Task goal:
Your copy should repeat each record below exactly and contain no images.

Material to process:
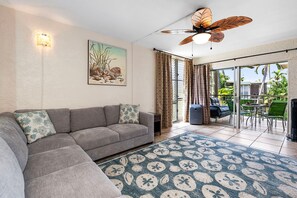 A living room with a grey sectional sofa, a patterned rug, a ceiling fan, and a painting of seashells. - 🏖️Top-Floor Kona Condo with A/C & Private Lanai (Kailua Kona)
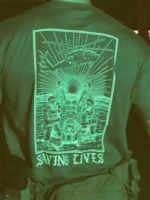 Cotton T-shirt with Saving Lives artwork showing soldiers in action, holding a stretcher during a tense medevac moment with a helicopter descending nearby.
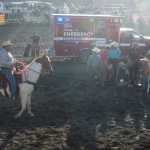 Photo by Megan Pacer/Peninsula Clarion Luke Moore, of Wasilla, smiles at the announcers moments after riding the night's most anticipated bull, Holy Cow, Friday night during the Progress Days Rodeo at the Soldotna Rodeo Grounds.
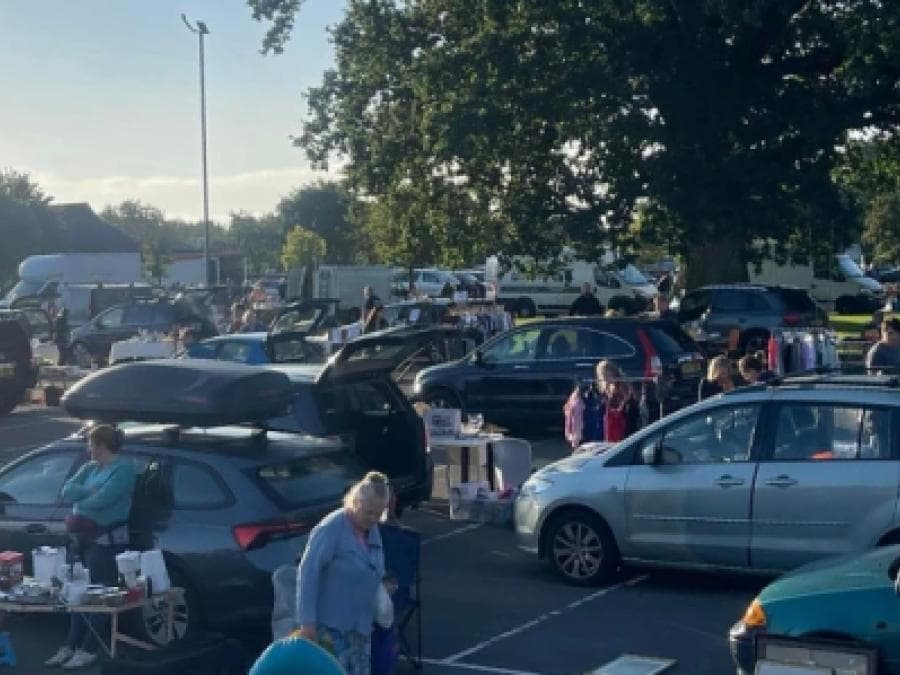 Cars, open boots, seller tables and shoppers at Standerwick Car Boot Source: https://www.thenearfield.com/venue/frome-market/event/standerwick-car-boot-flea-market-sbb6sqp5j4xstnkf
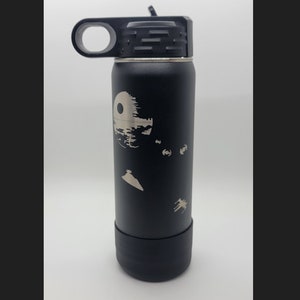 May include: Black stainless steel water bottle with a laser-etched design of the Death Star from Star Wars. The bottle has a black lid with a carrying loop.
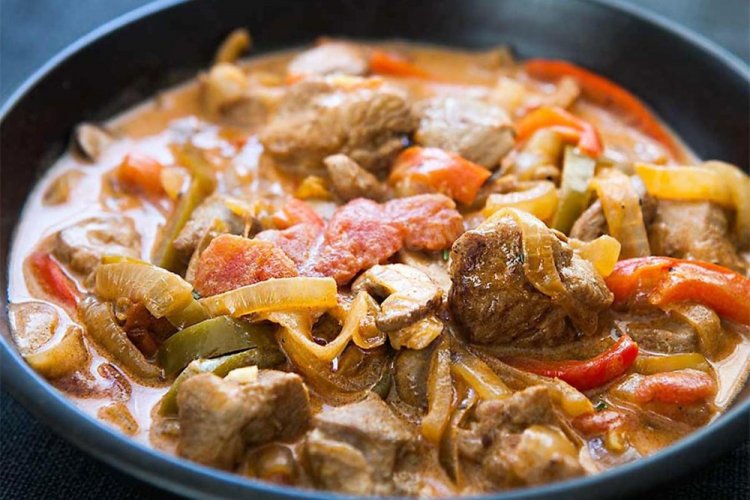 Pork with Vegetables and Mushrooms in a Skillet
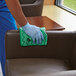 A person cleaning a chair with a green Rubbermaid microfiber cloth.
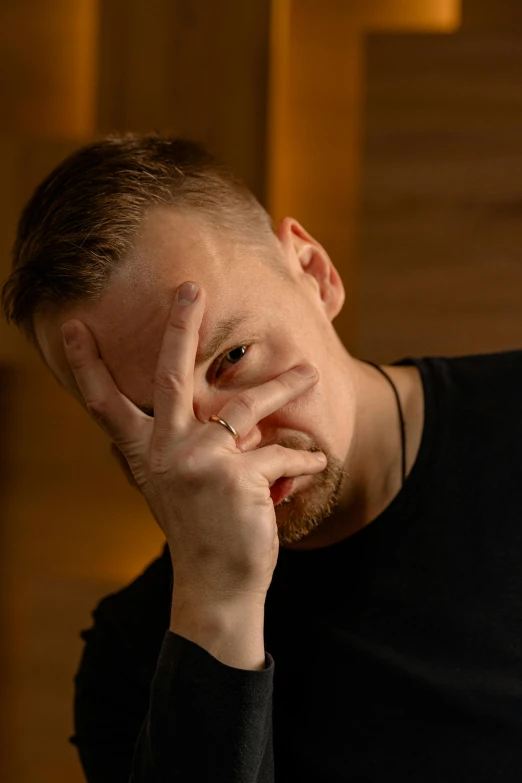 a man posing for a picture in a dark room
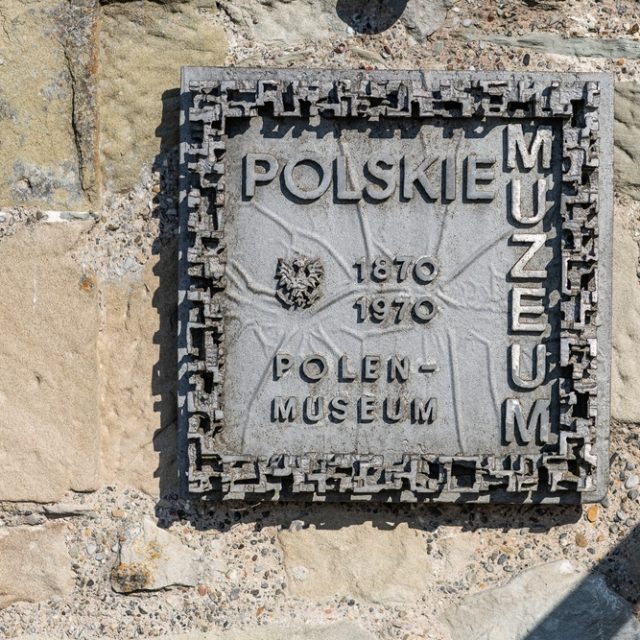 Plaque en pierre commémorant le 100e anniversaire du Musée polonais à Rapperswil, avec une bordure géométrique et l'emblème de l'aigle polonais. Inscription : 'Polskie Muzeum / Polen Museum 1870 / 1970'.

Solved problem:
 A living room with a grey sectional sofa, a patterned rug, a ceiling fan, and a painting of seashells. - 🏖️Top-Floor Kona Condo with A/C & Private Lanai (Kailua Kona)
 Cotton T-shirt with Saving Lives artwork showing soldiers in action, holding a stretcher during a tense medevac moment with a helicopter descending nearby.
 Photo by Megan Pacer/Peninsula Clarion Luke Moore, of Wasilla, smiles at the announcers moments after riding the night's most anticipated bull, Holy Cow, Friday night during the Progress Days Rodeo at the Soldotna Rodeo Grounds.
 Cars, open boots, seller tables and shoppers at Standerwick Car Boot Source: https://www.thenearfield.com/venue/frome-market/event/standerwick-car-boot-flea-market-sbb6sqp5j4xstnkf
 May include: Black stainless steel water bottle with a laser-etched design of the Death Star from Star Wars. The bottle has a black lid with a carrying loop.
 Pork with Vegetables and Mushrooms in a Skillet
 A person cleaning a chair with a green Rubbermaid microfiber cloth.
 a man posing for a picture in a dark room
 Plaque en pierre commémorant le 100e anniversaire du Musée polonais à Rapperswil, avec une bordure géométrique et l'emblème de l'aigle polonais. Inscription : 'Polskie Muzeum / Polen Museum 1870 / 1970'.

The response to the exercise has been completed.